両手から伸ばす二本の鎖で束縛しつつ、自身の左足に意識を集中。太ももに刻まれた聖痕から火炎を放つ。
「その感情を滅してやる……っ!」
渦巻く業火が魔王を包み込んだ。毒油が付着した体はたちまちに燃え上がり、渇望する巨獣は束縛のせいで逃げることも叶わずもだえ苦しむ。
『グオォォォ!? おのれ、この程度でェェェ!!』
レオ・レガリスは憤怒の相を浮かべ、己を縛る鎖を引きちぎろうと力を振り絞った。

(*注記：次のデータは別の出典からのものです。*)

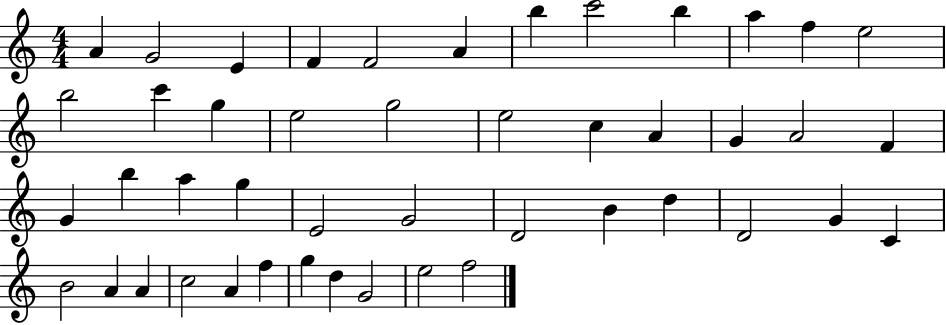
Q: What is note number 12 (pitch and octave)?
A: E5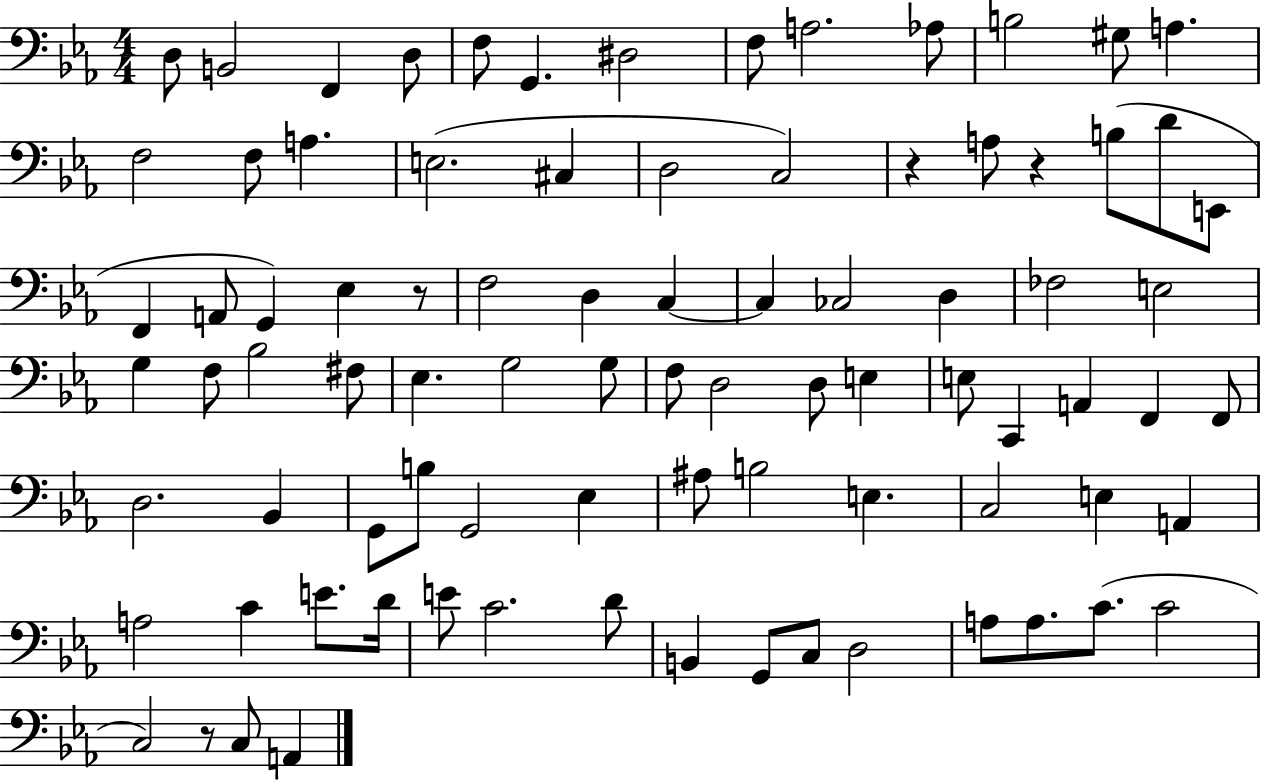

隆々たる筋骨がさらに膨れ上がり、張りつめた鎖がビリビリと震え……異変は唐突に始まった。
『ぬっ、これは!?』
大魔王は狼狽した。巨大化していた体が、見る間に縮んでいく。いやそれだけでなく、力の源泉である渇望は消えていくではないか。
志乃のユーベルコード【浄化の炎】。癒しと破魔の力を宿した聖痕より噴出する断罪の炎は、敵の肉体のみならず精神をも焼き尽くすのだ。
『ええい、味な真似を!』
大魔王は歯噛みし、後ろへ退いた。体が縮んだことで鎖が弛んだ一瞬をつき拘束から脱出。地面を転げ回って消火を図る。

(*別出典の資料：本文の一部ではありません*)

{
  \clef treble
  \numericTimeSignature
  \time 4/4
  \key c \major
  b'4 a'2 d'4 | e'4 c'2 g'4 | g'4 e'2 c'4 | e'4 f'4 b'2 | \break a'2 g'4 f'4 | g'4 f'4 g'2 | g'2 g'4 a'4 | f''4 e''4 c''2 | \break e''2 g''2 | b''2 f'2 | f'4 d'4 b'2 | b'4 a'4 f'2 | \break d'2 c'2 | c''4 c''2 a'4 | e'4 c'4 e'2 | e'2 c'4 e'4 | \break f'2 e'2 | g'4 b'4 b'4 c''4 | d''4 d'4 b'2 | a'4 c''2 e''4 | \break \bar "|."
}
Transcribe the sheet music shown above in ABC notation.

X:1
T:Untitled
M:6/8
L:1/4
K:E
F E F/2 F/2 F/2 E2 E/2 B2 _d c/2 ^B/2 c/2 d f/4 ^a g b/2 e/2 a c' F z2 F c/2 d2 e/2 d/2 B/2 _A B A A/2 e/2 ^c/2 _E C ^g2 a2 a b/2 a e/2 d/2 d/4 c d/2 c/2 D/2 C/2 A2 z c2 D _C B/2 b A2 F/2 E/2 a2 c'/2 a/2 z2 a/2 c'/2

「抜けられたか。……でもダメージは上々、悪くないね」
鎖を手元に回収して、志乃は確かな手応えに微笑んだ。
成功
🔵🔵🔴
ナイ・デス
例え、どれ程に圧倒的な力の差があるとしても
私は、諦めない、です
……それと。ただの力では、死ねないものがいると
教えましょう
圧倒的力量差から、先制に反応できない
けれど【覚悟、激痛耐性、継戦能力】耐える
私は、ヤドリガミ
どこかにある本体が『いつか壊れるその日まで』
『私は、死なない。私は、死ねない』
倒れ、再生し、一人生き延びていたなんて、もう嫌だから
聖者の力で、瞬時に再生し
負傷(恐怖)に比例して、強く輝き(戦闘力増強)
一番恐ろしい、誰かの死を、起こさない為に
私は、屈さない、です!
【念動力で自身吹き飛ばし】突撃
【鎧無視攻撃】で刃刺し【零距離で生命力吸収】する光を放って
消滅させる……!
光が、大魔王を喰らう!
サンディ・ノックス
魔王の言葉には反応しない、正しくはその余裕がない
一瞬で繰り出される攻撃を急所で受けることだけは何が何でも回避しないといけないから
動きだす瞬間を【見切る】ことに集中、敵が動いた=急所を突かれるという前提で回避行動
体のどこかで受ける攻撃の痛みは【激痛耐性】で抑え痛みによる戦意低下を防ぎ、すぐにUC『黒化装甲』を発動、内包する悪意の魔力を解放し体を包みこむ
これは傷を受ければ受けるほど力になる鎧だ
これによって負傷は恐怖の対象ではなく力の源、やれるものならやってみろという気持ちで戦える
一撃で戦闘不能に追い込む力が魔王にあることは忘れずに、続く猛攻は回避できるものは回避
増強した戦闘力を活かし黒剣で斬り込む
●
巨大化も異形化も解け、元の姿に戻ってもなおレオ・レガリスは王たる威厳に満ち溢れていた。
『オォォォ――――!』
呼吸深く、全身に闘気を漲らせて、そして……――――消える。
――ギャリリリリリリンンッッ!
獣王の巨躯が霞んだかに見えた瞬間、斬撃の嵐が吹き荒れた。無数の爪痕が木立や地面に刻まれて、その延長線上に立っていた二人の猟兵が餌食となる。
「あうっ!?」「ぅが!?」
ナイ・デス(本体不明のヤドリガミ・f05727)の白髪が鮮血の赤に染まり、サンディ・ノックス(調和した白黒・f03274)の青眼が激痛にゆがんだ。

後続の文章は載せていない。